JPMorgan Chase Claims That FHA Loans Are Government Backed Subprime Loans

FHA loans that were originally intended to give first-time buyers easy access to mortgages are being compared to the very loans that contributed to the housing crisis.

Kevin Watters, CEO of Chase Mortgage Banking told CNBC, “FHA requirements are down to a 520 FICO (credit score) and you only have to put 3.5 percent down. That’s subprime lending, and we’re not in the subprime lending business.”

Except for Wells Fargo, who announced they were exiting the market of FHA loans, the larger banks, still provide these loans in order to statisfy FDIC requirements of community investing. However, the larger banks like JPMorgan Chase only originate a a fraction of what they did during the housing boom. They have conceded the majority of the market to the smaller originators.

And Watters is calling on more oversight for smaller lenders offering FHA loans, “So you’ve got [originators] that aren’t as highly regulated, that aren’t as well capitalized, and I’m sure many of them do a great job, but there’s a lot of new ones out there, and I think it would be prudent to go check on them,”
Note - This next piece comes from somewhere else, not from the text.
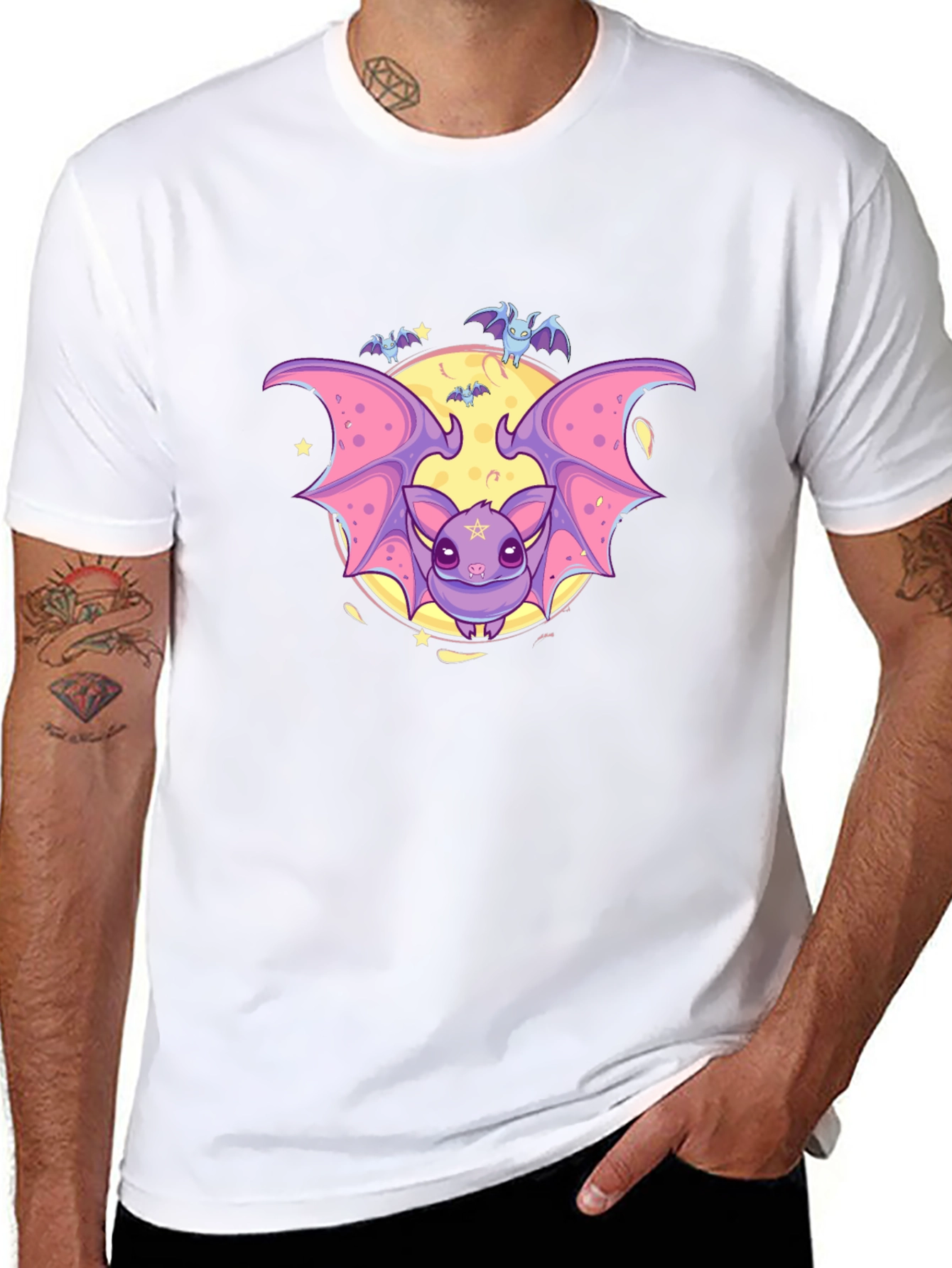 Cute Cartoon Bat Graphic Black T-Shirt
Watters also told CNBC, “It’s not just the CFPB or Fannie and Freddie’s rules or Treasury’s rule’s or Ginnie Mae, who’s the servicer for FHA loans, you’ve got 584 different state and local rules too. So you’re trying to make sure you abide by all these different rules, and it just gets very complicated, very expensive, so for us in FHA, we’ve priced FHA for the risk we see in FHA, and so we’ve got a higher price than other people so customers are going to other places.”